Deadpool 2 should have halted production for another year for them to write a better script. And not one so unreasonably dark and useless. I had hopes from the movie’s opening shot where Reynolds is clearly making fun of how beloved Logan is, but almost immediately that was quelled. This movie is trying way to hard. You might compare these two movies like you would The Simpsons from their prime to their decline. The peak of The Simpsons marks it as the funniest show of all time. They had more gags per episode than most shows do in entire seasons, and they were effortlessly funny. But after around 2002-2003 they became stale. And the number of jokes shrank, and the ones that were there were beaten over our heads. Deadpool 2 has that same air about it, less good humor, and too much space to ruin the jokes that are there. An entire hour could have been cut easily and it would have been all the greater. And what ARE those scenes where Wade communicates with Vanessa in the afterlife? How the fuck is any of this in a Deadpool movie?
Am I crazy? Have I lost my mind again? I just wanted to laugh. And I did in Deadpool 2. But more often I sat there quiet and waiting for something funny to happen. I was bored and uninterested with most of Deadpool 2, and I did not walk into this movie with any sort of unfair expectation. There’s an amazing long take shot near the opening where Wade slaughters dozens of dudes with an axe and chainsaw in real time, while their boss outruns him in fear in slow motion in the foreground. That reminded me of the charm in the violence in the first movie, no such scene existed after that point. What a fucking shame.

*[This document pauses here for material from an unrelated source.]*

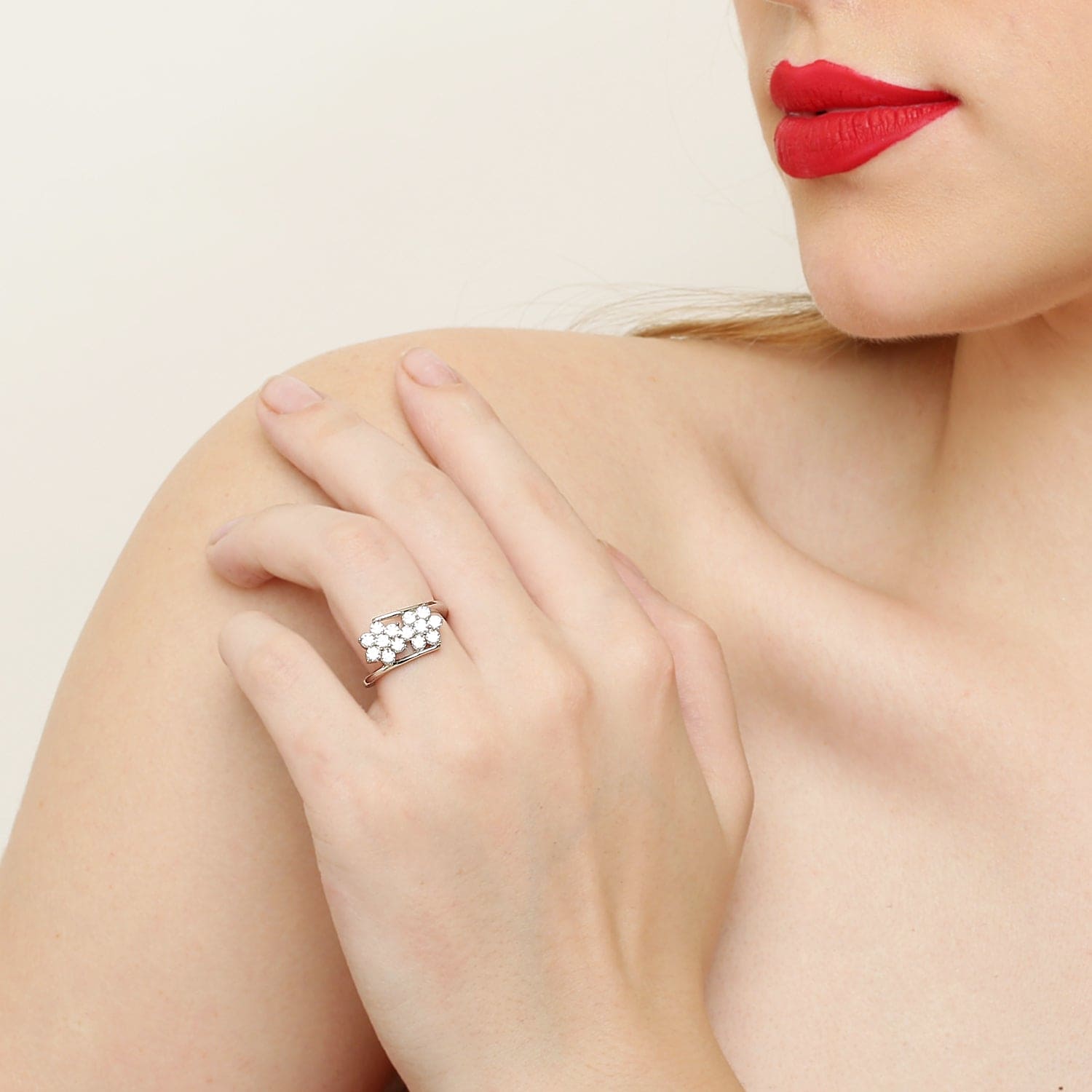 The Enchantress sterling silver ring worn on hand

The ending is made because of Brolin’s decision. But I checked out long before that point. And every frame the Headmaster and Juggernaut are onscreen will go down as some of the worst moments of 2018. One more thing, if you do decide to go, stick around for the end credits, as there is a scene that is funnier than anything in the actual film. What Reynolds ends up doing to himself I will not spoil, but it is a stroke of actual genius. How I wish that kind of attention could have been paid to the rest of the runtime.